Although I had stopped, I would still write about music and it’s heavy influence on me in recent years, but I never posted them. I had gotten discouraged by the low views, “if no one’s reading it, why am I writing it?” YOU WERE WRITING IT BECAUSE YOU WERE ENJOYING IT

So, that’s in the past, I’m here again, and I want to do this more than ever. 

I racked my brain forever and a day for the logo. I didn’t know I could make one, thanks WordPress! So, if you look at it now, it’s a daisy — my favorite flower— and an olive branch. It’s not really an olive branch, just a branch. I couldn’t find the proper illustration. The branch because this blog in a way, is me reaching out to my past self. And being gentle and loving to her. Afterall, I am who I am today because of her. An ode to my younger self, if you will. A lot of what I wrote in my first run were drags about her, but there’s no reason to be mean to her, she was learning, she was figuring it out as she was going she still is. So, I’ve promised myself, no bagging on my old self. Here’s to hopefully being able to come up with original jokes!

Now, like the obsessive planner I am, I obviously have a proper flow chart for how this is going to go. I’m not at that stage in my life YET where I tell people “planning never works” “go with the flow blah blah blah”. Planning, organizing and mapping things works. At Least for me. I exist solely because I get to write in my planner every morning and check things off constantly during the day.  

The plan is to have this be a bi-monthly blog, every two weeks I’ll post, that is my commitment. This is a way for me to get to know myself and the events around me, but in conversation with myself. Unless I can find someone to feature on here which would quite literally be the best case scenario, I’m gonna try! Also the alternate purpose for this Blog is for me to have a way to work for myself. I’ve been looking day and night for an internship, but it’s turned out to be a dead end and a vicious cycle. I’m trying to build my resume through internships but, to get said internships I should have a well built resume? What’s one to do now? Hire herself she said!
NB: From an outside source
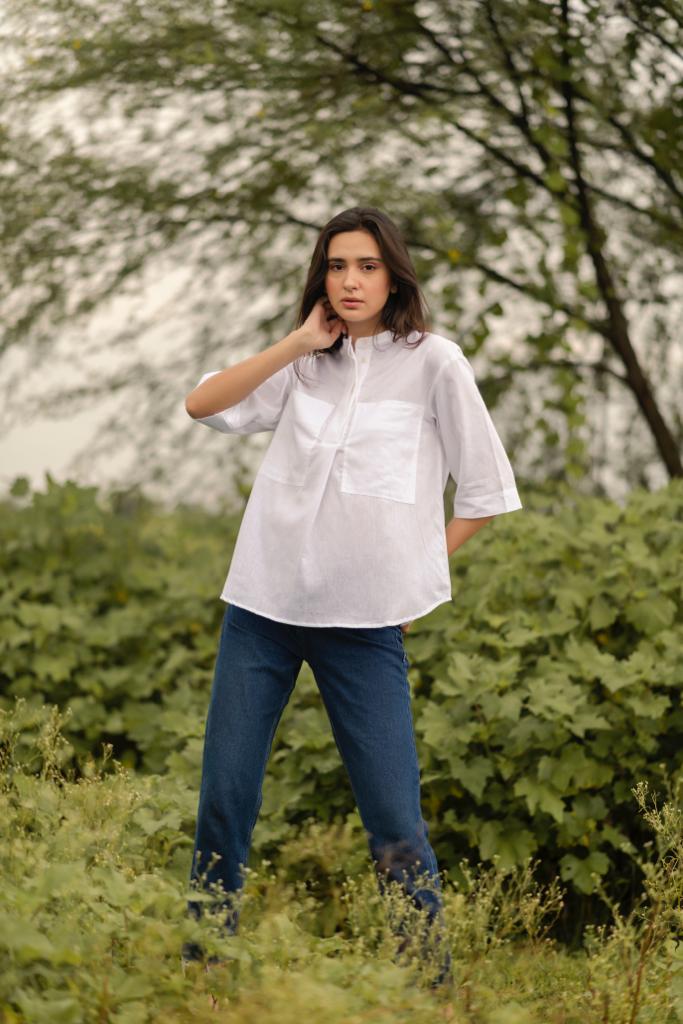 White Minimal Top | Elegant Everyday Women’s Minimalist Cotton Top – Womens Top on Brown Living™. SKU: ANTWMWFXL. Img 8.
We’re studying debates in my English recently, and our teacher gave us an in-class assignment to write about the pros and cons of an issue. She said “Use the internet for now, because you guys don’t read enough to write on your own.” It’s safe to say that something about that struck a nerve, and I’m not one who tries to prove people wrong. Just building a bridge and getting over it for 16 years and loving it.

And I know, I know things, but only because of the 280 characters I read on Twitter, I can’t have a debate about it, she was right, I needed more information. 

Hence, I’ve decided, in the two posts I’m going to make per month, one will be a topic of my choice, the other will be current events, or as I like to call them things-I-know-nothing-about. YET

So, subscribe to the blog to get post notifications and tune in on the 18th to get to know more about Black History Month. Until next time!

PSA Usually with Blogger I was able to change the font at different places so you could see my inside dialogue in a clearer manner, i’m having trouble doing that here, but I hope that the light brown was clear. I’m still trying to learn how to use this website, it’s not very run of the mill. So please bear with me!

3 responses to “Oops!…I Did It Again”

  1. This was a nice, fun read just like you described Lena Dunham’s book. I’m glad seeing how much you’ve grown up since your last blog. Your tid bits of humor here and there make the blog blossom! Looking forward to more :]

    Liked by 2 people

    1. That’s so sweet! Thank you so much.